→ What you should do
Ignoring every picture, transcribe the data in full as it stands.

====== Supplied information ======

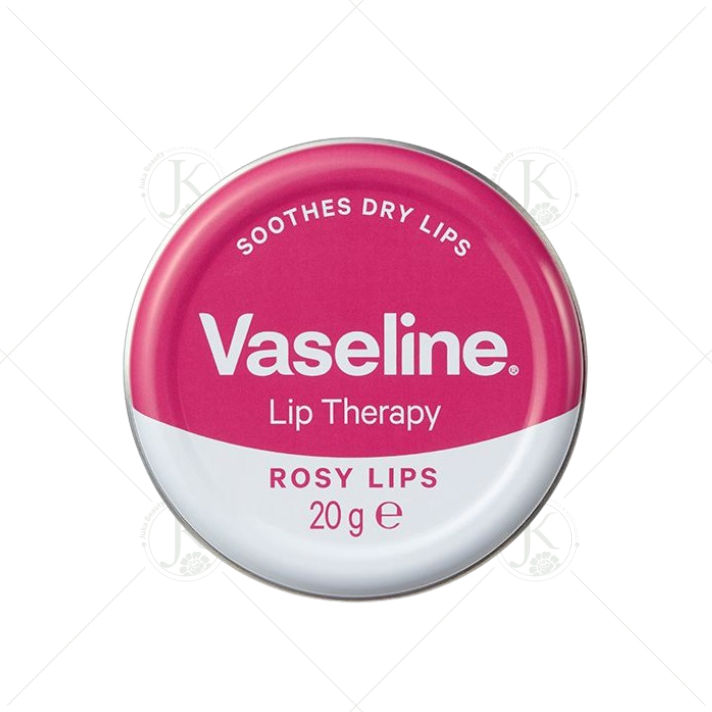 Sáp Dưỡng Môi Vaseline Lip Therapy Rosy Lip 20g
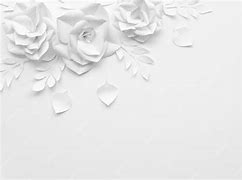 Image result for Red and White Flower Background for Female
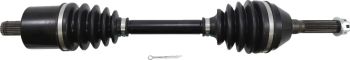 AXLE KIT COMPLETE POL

======

→ Final answer
 Sáp Dưỡng Môi Vaseline Lip Therapy Rosy Lip 20g
 Image result for Red and White Flower Background for Female
 AXLE KIT COMPLETE POL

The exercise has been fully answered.